Software "architecture" is just software design removed from software development, often performed by other people than those who develop the software, and pretty much a terrible idea. Agree? Disagree? Why?
@bitbear Yes, someone within the team needs to have the overview - the more the better. I agree with this. Sounds like you agree with me: architecture is a development consideration - a role, not a position.
@christian I agree it’s more of a role than a position.
“Software Architect” can also work as a position as long as they are aware of the correlation between distance from code and unrealistic architectures, and continually combat architectural issues rooted in what over time develops into code illiteracy.
Combatting these issues doesn’t necessarily mean the architect needs to write code themselves, but it’s the best solution, imho.
Other strategies are to listen to the team, take advice from developers with architectural traits, remain humble to other developer’s opinions and experiences, and incorporate that feedback into the architecture iteratively.
@christian it's possible to be a valuable architect without being proficient in all the languages involved. for example, an architect can be comfortable with Terraform and OpenAPI exclusively, and still design good systems that meet developer and business requirements, so long as they accept input from stakeholders.
The ivory tower archetype comes from those who produce output without accepting input, and it's far from exclusive to architects. I've seen managers, product owners and others all fall into that trap.
@craignicol I strongly disagree that someone who only knows Terraform and OpenAPI can make meaningful decisions about software architecture.
@christian I would say it depends what they are designing. OpenAPI can describe domain models as well as any other language, and can describe security, relationships. And Terraform is the world of scalability and resilience, which many developers need assistance in. Between them, an architect can describe the data structure, the data and user flows, and discuss the functional and non-functional requirements.
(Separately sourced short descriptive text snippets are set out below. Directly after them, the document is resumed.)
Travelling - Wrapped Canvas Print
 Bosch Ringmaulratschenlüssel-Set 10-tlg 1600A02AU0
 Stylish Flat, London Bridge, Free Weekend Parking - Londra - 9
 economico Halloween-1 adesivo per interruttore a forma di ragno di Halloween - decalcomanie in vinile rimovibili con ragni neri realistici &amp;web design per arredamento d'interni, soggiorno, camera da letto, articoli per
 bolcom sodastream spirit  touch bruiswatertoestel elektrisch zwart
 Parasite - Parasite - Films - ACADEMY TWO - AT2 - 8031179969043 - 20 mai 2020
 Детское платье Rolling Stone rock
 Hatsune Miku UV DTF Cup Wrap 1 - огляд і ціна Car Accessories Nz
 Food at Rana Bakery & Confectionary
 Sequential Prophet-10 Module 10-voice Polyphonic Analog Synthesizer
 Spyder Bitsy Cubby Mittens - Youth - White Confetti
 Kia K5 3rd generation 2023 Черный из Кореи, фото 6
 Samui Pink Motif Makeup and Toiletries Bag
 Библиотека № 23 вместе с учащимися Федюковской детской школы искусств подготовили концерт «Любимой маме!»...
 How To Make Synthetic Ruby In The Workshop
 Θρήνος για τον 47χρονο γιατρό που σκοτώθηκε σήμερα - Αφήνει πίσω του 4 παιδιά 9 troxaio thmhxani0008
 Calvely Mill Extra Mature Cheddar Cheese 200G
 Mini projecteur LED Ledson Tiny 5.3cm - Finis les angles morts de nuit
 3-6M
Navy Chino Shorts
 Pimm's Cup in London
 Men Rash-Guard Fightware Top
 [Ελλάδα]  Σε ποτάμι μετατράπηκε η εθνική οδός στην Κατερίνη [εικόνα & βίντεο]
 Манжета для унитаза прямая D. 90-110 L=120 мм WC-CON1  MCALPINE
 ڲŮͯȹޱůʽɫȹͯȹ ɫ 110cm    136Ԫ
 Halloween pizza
I wouldn't expect them to estimate the work, or write all the acceptance criteria, but they should be able to speak a common language that would guide the front-end, the database, the integration, and the analyst developers, and aid them to map their work to the requests from all the stakeholders.
@christian I disagree.
Some software architects may operate like this, but their architectures are as removed from reality as building architectures drawn by architects who have no hands-on experience with materials like steel, rock, glass and concrete. Both kinds of ivory tower architects will produce architectures that are impossible to build in real life.
Most software architects I know does not necessarily consider themselves to be software architects.
But assembling large heterogeneous systems consisting of various materials, applying different patterns of communication to different parts of the system and ensuring that both individual parts and the whole make sense, is most definitely software architecture and is an essential skill and interest to have in order to produce usable and maintainable systems.
Not all developers have or needs to have this skill, though. But someone within a team do, or else they’ll produce unmaintainable big balls of mud.